Early treatment withdrawal is ‘especially important’ given that women with aromatase inhibitor-induced musculoskeletal symptoms may have a better prognosis and may be more likely to improve with aromatase inhibitor therapy than women without these symptoms.
The primary endpoint in the study was the change from baseline in musculoskeletal pain.
At 2 months, patients assigned to high-dose vitamin D had a significant decrease in pain on the Brief Pain Inventory (P = .009) and the Fibromyalgia Impact Questionnaire (P = .01) compared with the placebo group.

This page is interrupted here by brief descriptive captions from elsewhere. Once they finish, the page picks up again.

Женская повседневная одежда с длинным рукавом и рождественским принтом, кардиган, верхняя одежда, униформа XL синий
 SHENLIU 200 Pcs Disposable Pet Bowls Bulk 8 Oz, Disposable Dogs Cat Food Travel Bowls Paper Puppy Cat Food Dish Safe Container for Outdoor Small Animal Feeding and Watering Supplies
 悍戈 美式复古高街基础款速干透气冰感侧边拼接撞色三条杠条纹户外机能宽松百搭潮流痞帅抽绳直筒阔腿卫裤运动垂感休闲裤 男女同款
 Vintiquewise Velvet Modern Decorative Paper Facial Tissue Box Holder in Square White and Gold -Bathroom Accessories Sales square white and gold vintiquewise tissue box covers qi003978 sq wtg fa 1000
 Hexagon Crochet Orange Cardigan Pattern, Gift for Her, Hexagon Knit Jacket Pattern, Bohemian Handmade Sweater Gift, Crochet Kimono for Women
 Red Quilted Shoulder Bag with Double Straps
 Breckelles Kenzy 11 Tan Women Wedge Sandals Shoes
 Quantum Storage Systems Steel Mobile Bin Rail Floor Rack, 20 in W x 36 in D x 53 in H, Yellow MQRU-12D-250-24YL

The vitamin D group also had significantly better scores on the Health Assessment Questionnaire—Disability Index (P = .04). The questionnaires used in the study have been widely validated for the assessment of pain and impairment.
The improvement with vitamin D supplementation was not maintained at 4 and 6 months when patients switched to 50,000 IU monthly. The researchers said that this decline may be due to the relatively short half-life and weak potency of the plant-derived vitamin D2, which is the form of vitamin D used in the vitamin D supplementation group.
When the investigators determined the effect of vitamin D supplementation on bone loss at 6 months, bone mineral density (BMD) of the femoral neck appeared to be preserved in the vitamin D group, whereas the placebo group had a loss in bone mass. The difference between the 2 groups tended toward statistical significance.
The authors pointed out that vitamin D’s favorable effect on BMD at the femoral neck may reflect increased mineralization of bone matrix from improved calcium absorption. Vitamin D may also possibly work by regulating intact parathyroid hormone levels.
Because 4 (14%) patients in the vitamin D group developed abnormally high 24-hour urinary calcium excretion and had to drop out of the study, Rastelli and colleagues recommended periodic monitoring of urine calcium in patients on high-dose vitamin D for AIMSS.
They emphasized that more research is needed to determine the optimal strategy for vitamin D supplementation in postmenopausal women with early breast cancer and AIMSS.
Rastelli AL, Taylor ME, Gao F, et al. Vitamin D and aromatase inhibitor-induced musculoskeletal symptoms (AIMSS): a phase II, double-blind, placebo-controlled, randomized trial [published online ahead of print June 21, 2011]. Breast Cancer Res Treat. 2011;129(1):107-116.